TASK DIRECTIONS
Should any entry hold a picture, omit that picture and copy the rest of the entry exactly.

:: DATASET

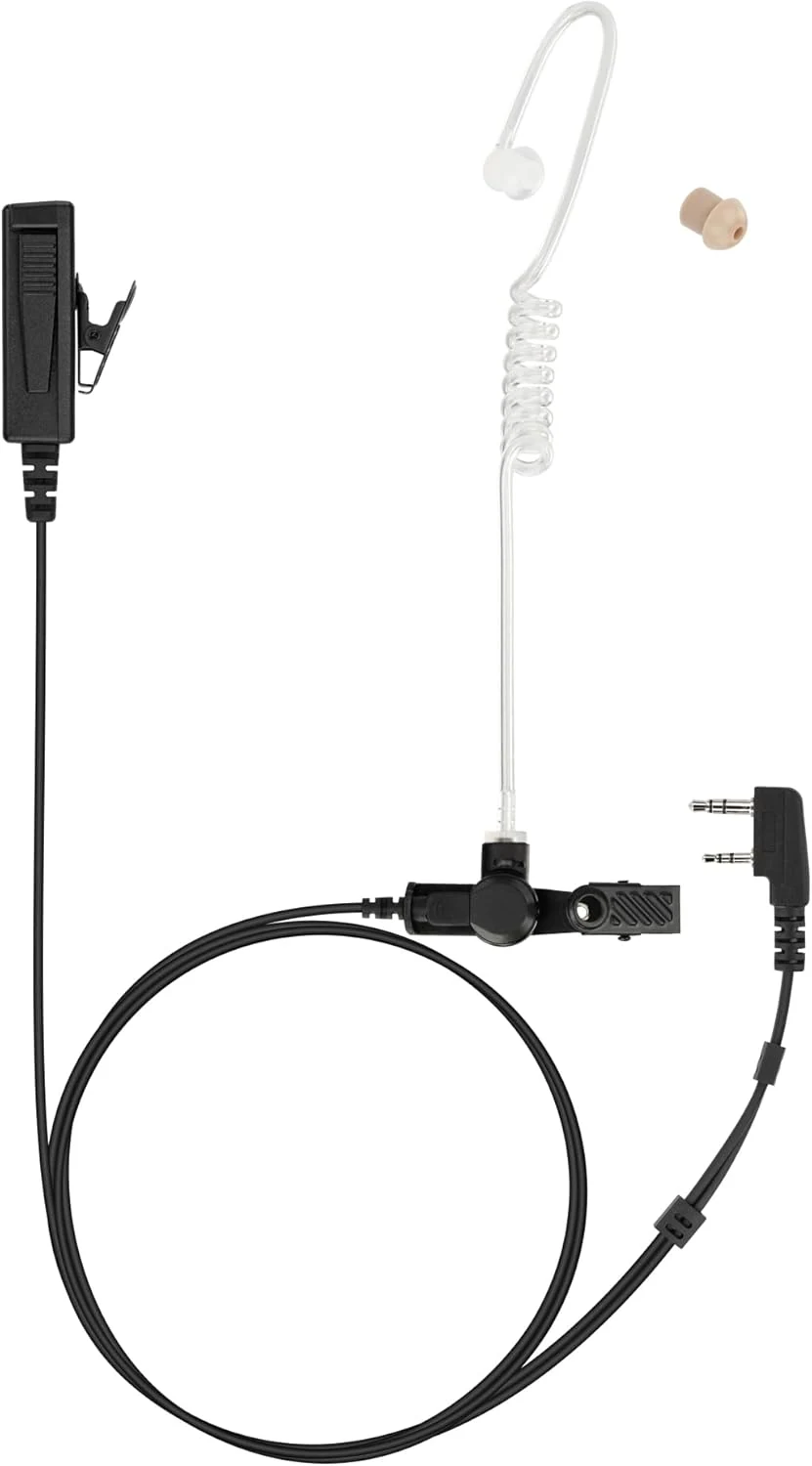 BCT22-K2 2-Wire Clear Tube Earphone Compatible with BaoFeng BTECH UV-5R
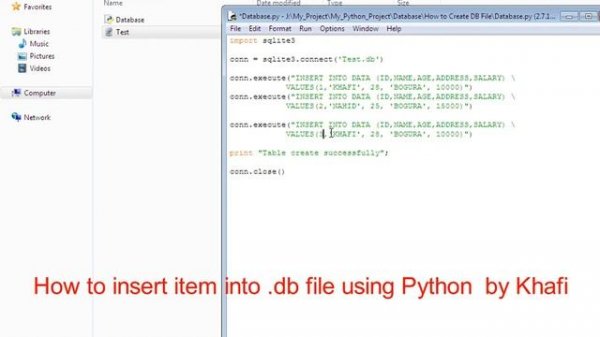 Insert Data into .db file using Python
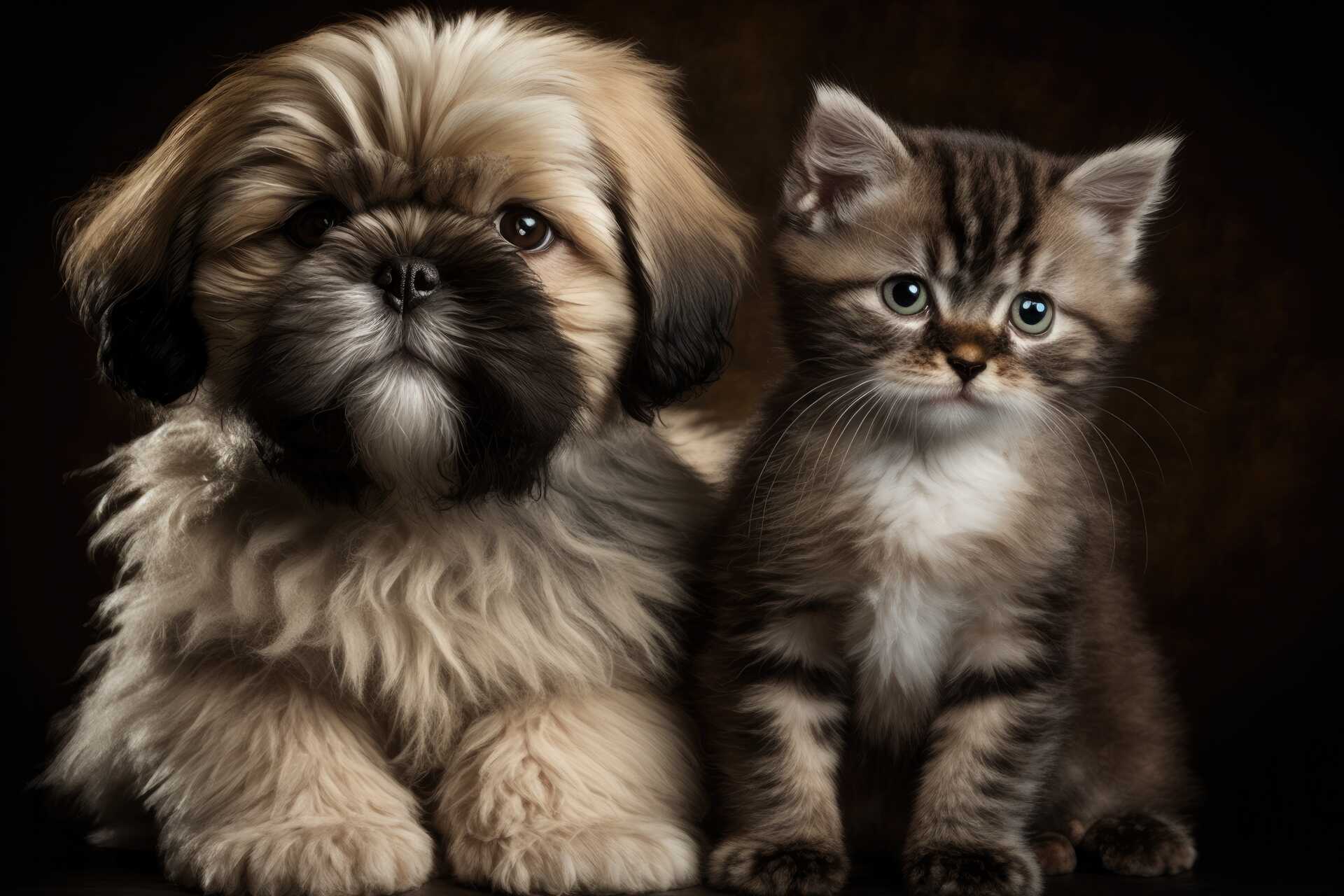 Tabby cat and Lhasa apso puppy photograph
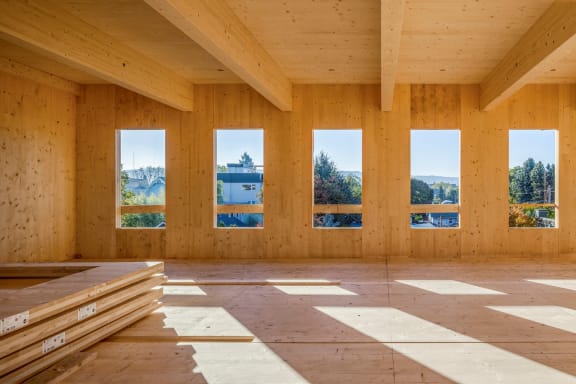 The Canyons Apartments in Portland, Oregon Interior During Construction and Wood Walls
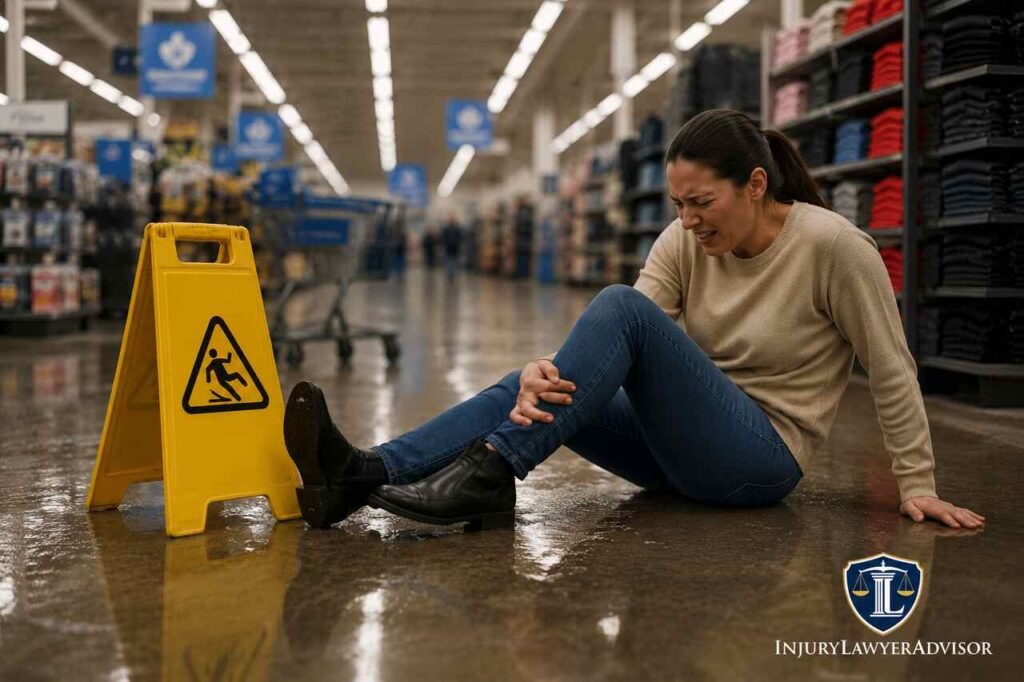 Walmart Injury Lawyer: Legal Rights and Compensation Claims Customer injured after a slip and fall accident inside a Walmart store while seeking legal compensation from a personal injury lawyer.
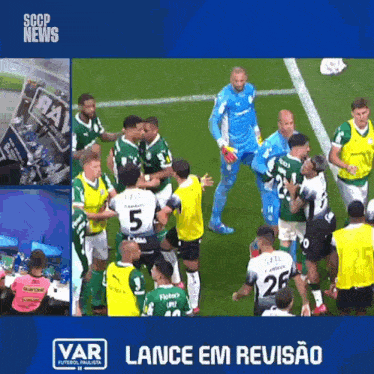 soccer players on a field with the words lance em revisao in the corner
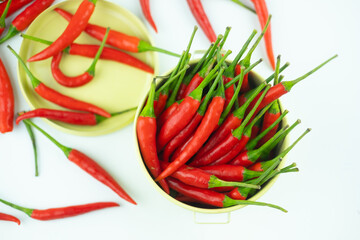 Hot red pepper on a white background.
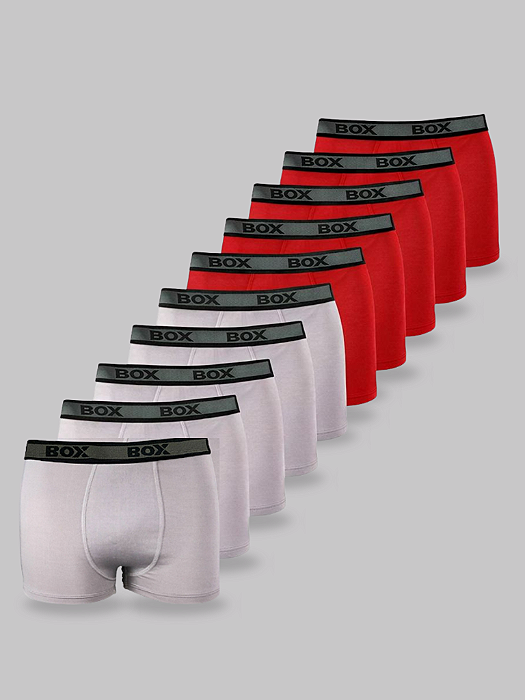 PROMOÇÃO 10 Cuecas Boxer Box de Microfibra - Cinza e Vermelha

::::

ANSWER TO THIS TASK
 BCT22-K2 2-Wire Clear Tube Earphone Compatible with BaoFeng BTECH UV-5R
 Insert Data into .db file using Python
 Tabby cat and Lhasa apso puppy photograph
 The Canyons Apartments in Portland, Oregon Interior During Construction and Wood Walls
 Walmart Injury Lawyer: Legal Rights and Compensation Claims Customer injured after a slip and fall accident inside a Walmart store while seeking legal compensation from a personal injury lawyer.
 soccer players on a field with the words lance em revisao in the corner
 Hot red pepper on a white background.
 PROMOÇÃO 10 Cuecas Boxer Box de Microfibra - Cinza e Vermelha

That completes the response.